Outrage after ‘uncomfortable’ pornographic book read to teenagers in US school

The resident, who gave his name as Jim Peterson, read a number of explicit excerpts from the book to the board members – which left a number feeling “uncomfortable”, sparking a fierce debate over its presence in the county’s schools.

Peterson could be seen sporting a t-shirt emblazoned with the phrase “if you don’t like Trump, then you probably won’t like me – and I’m OK with that” as he rallied against a number of sexual phrases contained in the book, which he claimed had been approved for use in libraries despite its “vulgarity”.
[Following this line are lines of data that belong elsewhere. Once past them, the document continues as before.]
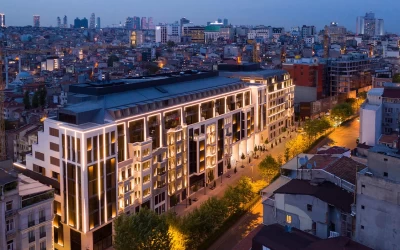 aerial-view-of-a-horizontal-residential-building-in-the-street-with-trees-and-buildings-of-istanbul-in-the-background-in-the-evening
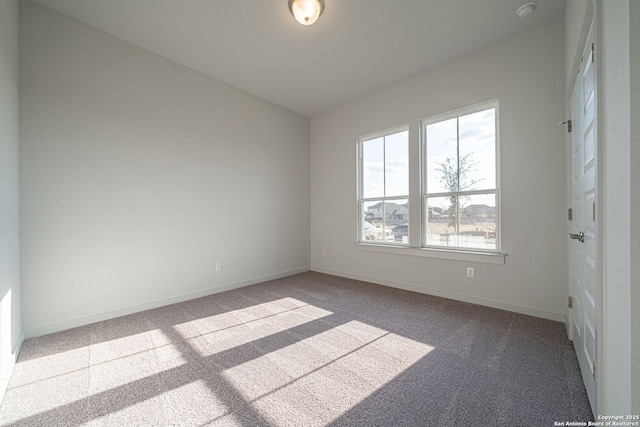 10286 Bartenheim Dr, Schertz, TX 78154 - carpeted empty room featuring baseboards, a smoke detector, and lofted ceiling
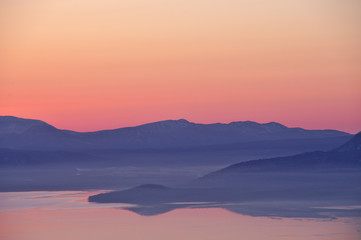 Fototapeta na wymiar 夜明けの湖、山並みのシルエット。屈斜路湖、北海道、日本。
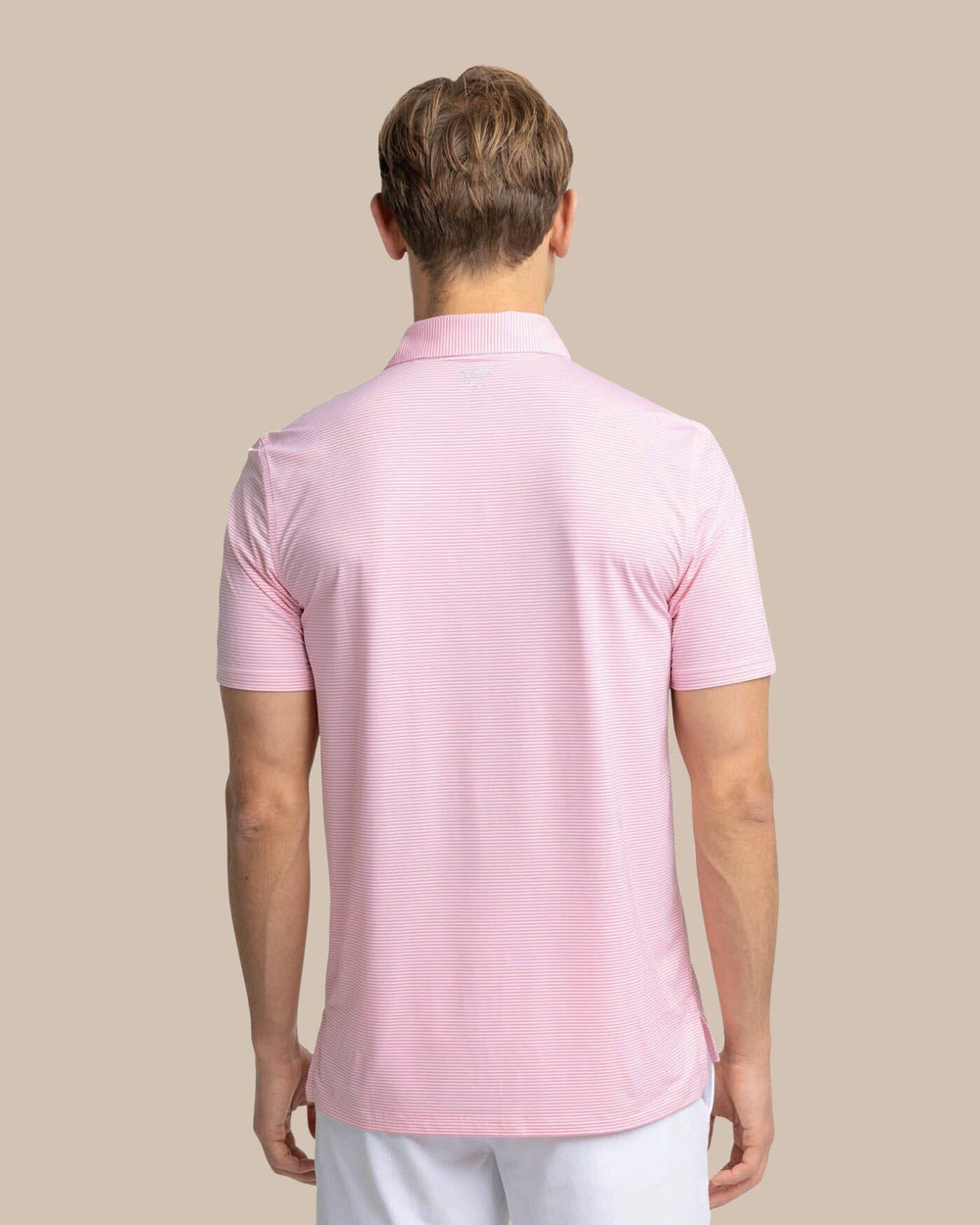 The back view of the Southern Tide brrr-eeze Meadowbrook Stripe Polo by Southern Tide - Geranium Pink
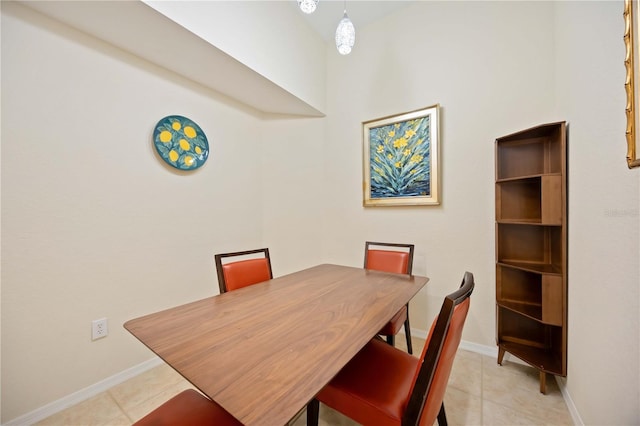1064 N Tamiami Trl Unit 1125, Sarasota, FL 34236 - dining room featuring light tile patterned floors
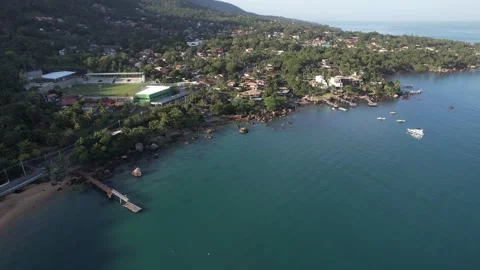 Aerial Drone View of Green Forest and Turquoise Sea in Ilhabela, Brazil Stock Footage 321775831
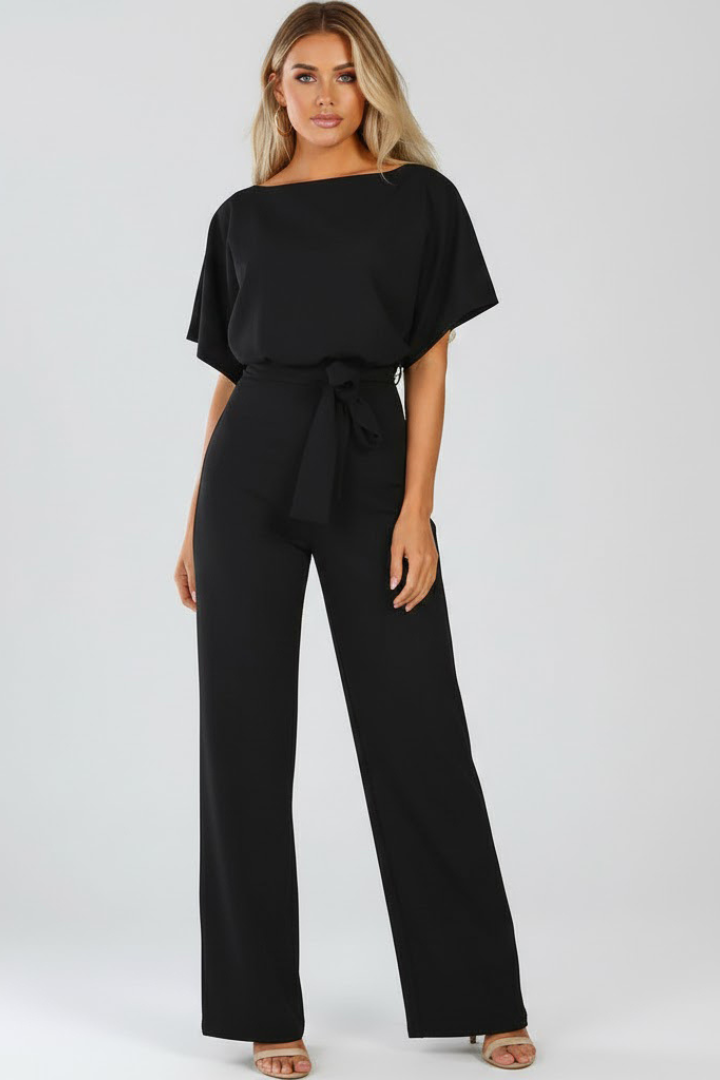 Women's black jumpsuit featuring short sleeves, a round neck, a stylish tie waist, and wide legs, perfect for casual or dressy occasions. 2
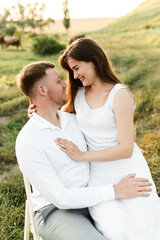 the newlyweds are sitting on a chair and hugging tenderly. girl with a boyfriend on a romantic date at sunset of the day. beautiful couple in the field.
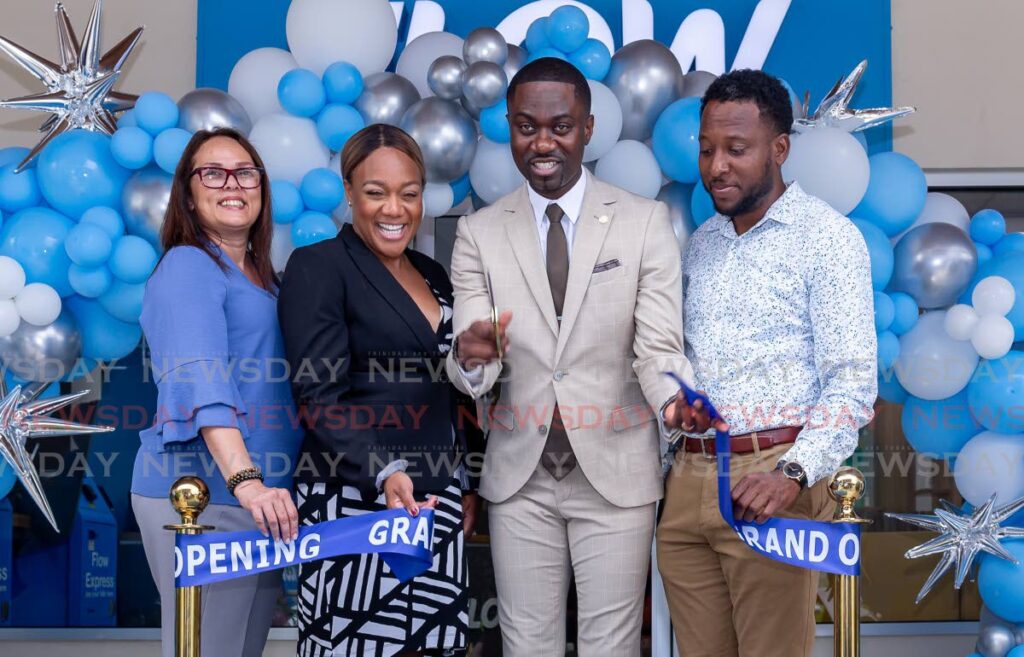 Ribbon Cutting: Farley Augustine, center, Chief Secretary, Tobago House of Assembly, had the privilege of cutting the ribbon declaring Flow's retail Store at #2 Milford Bay Plaza, Crown Point, Tobago opened on Monday. - Photo by David Reid
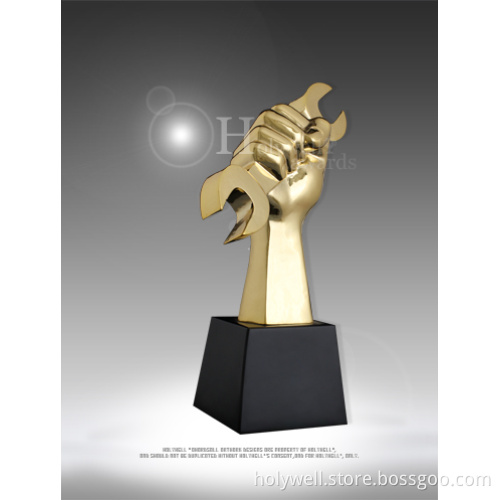 Unique Custom Golden Wrench Award with a Shiny Effect for Ceremony Use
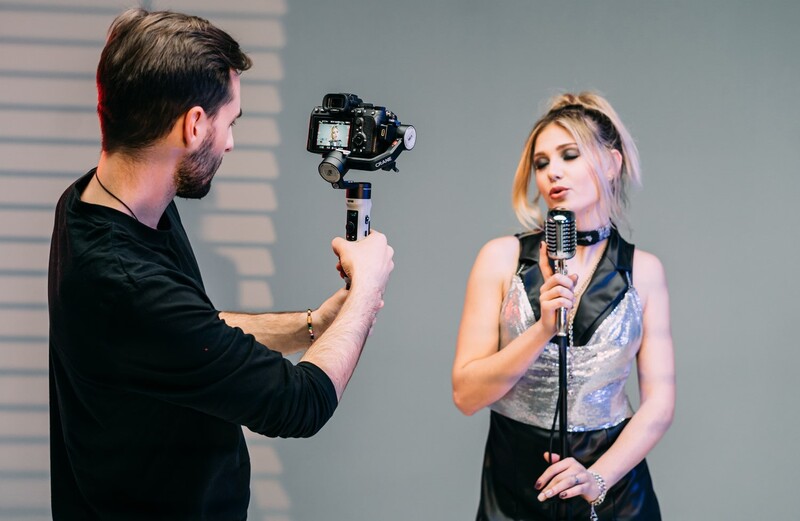 Cameraman operating a gimbal-mounted camera while recording a woman speaking into a microphone during an interview or broadcast.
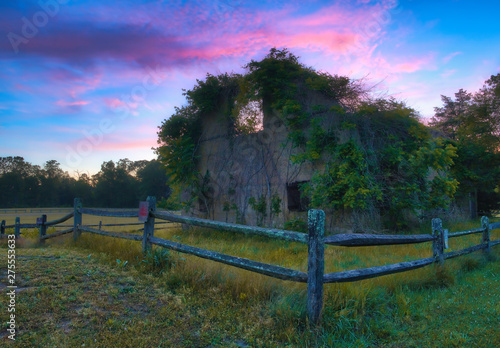 Peaceful sunrise over abandoned ruins of an old building at Pine Barrens, New Jersey. HDR photography photo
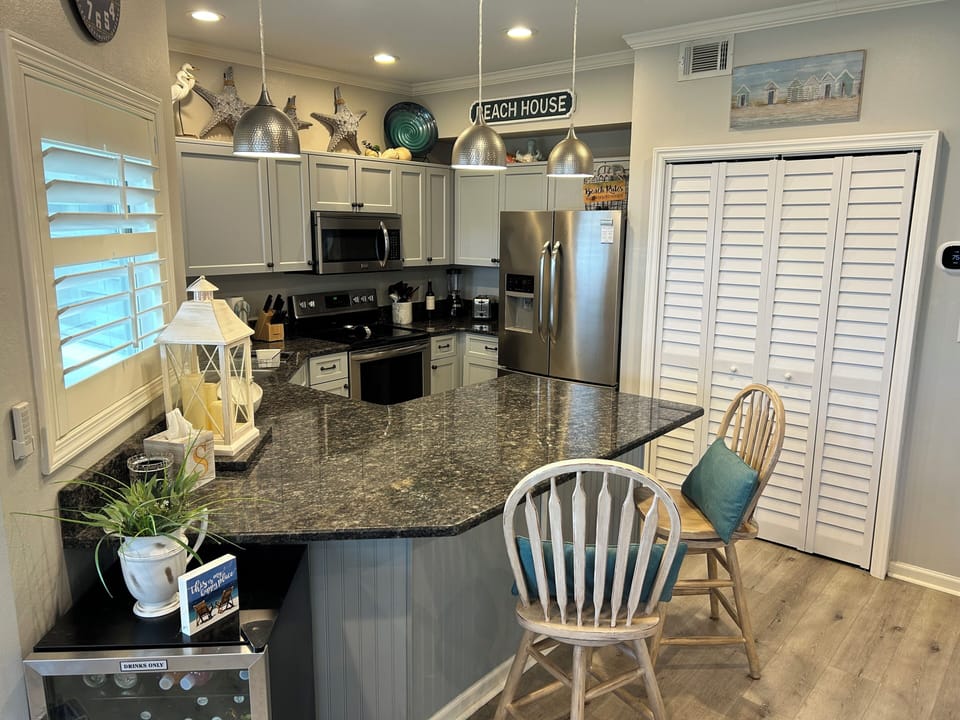 Your fully equipped kitchen awaits with granite countertops, stainless steel appliances, and charming coastal touches perfect for preparing meals together.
Moore County Schools had been the subject of an official complaint from gay rights groups Pflag and Public School Advocates (PSA) over its literary guidance – which the groups called “harmful” and “discriminatory” – which he said had drawn his attention to the book, and led him to voice his concerns at the meeting.


Peterson rattled through lines which referenced a litany of sex acts and vulgar phrases like “I don’t want my brother’s d*** touching me on my privates” and “sweaty fingers reaching into my pants” as the board members watched on.

While Moore County Schools’s public comment guidelines only allow for a three-minute address per individual, Peterson managed to include “wet hot p**** f***ing my fingers” and “rock hard d***” in his allotted time slot.

As his three minutes came to a close, and board members could be heard awkwardly coughing, Peterson tailed off, saying “you get the point”.

In response, the board’s chair, Robert Levy, took aim at his fellow members, saying: “While certain things are uncomfortable, this is free speech, and that’s the First Amendment… It’s better not to cut someone off.”

Levy then said: “I’m very very sorry if that made people feel uncomfortable – it certainly made me feel uncomfortable.”


In response, right-wing social media commentators voiced their own outrage over the book; one, Libs of TikTok, jabbed: “Make it make sense!”, while another called the move “indoctrination”.

Elsewhere in the board’s comment guidelines, Moore County Schools states: “Obscene, vulgar, indecent, abusive, threatening, or profane statements or statements reasonably perceived to be disruptive or imminently threatening to the orderly operation of the meeting shall not be permitted.”


In North Carolina, the state’s controversial Senate Bill 49 has prompted outrage from activist groups like the Campaign for Southern Equality, which has urged locals to “push back, speak out, and take action against this shameful law”.

Another book by ER Frank, “America”, was banned in schools in Florida’s Martin County under the state’s “Don’t Say Gay” Parental Rights in Education Bill – which prohibits “classroom discussion about sexual orientation or gender identity in primary grade levels”.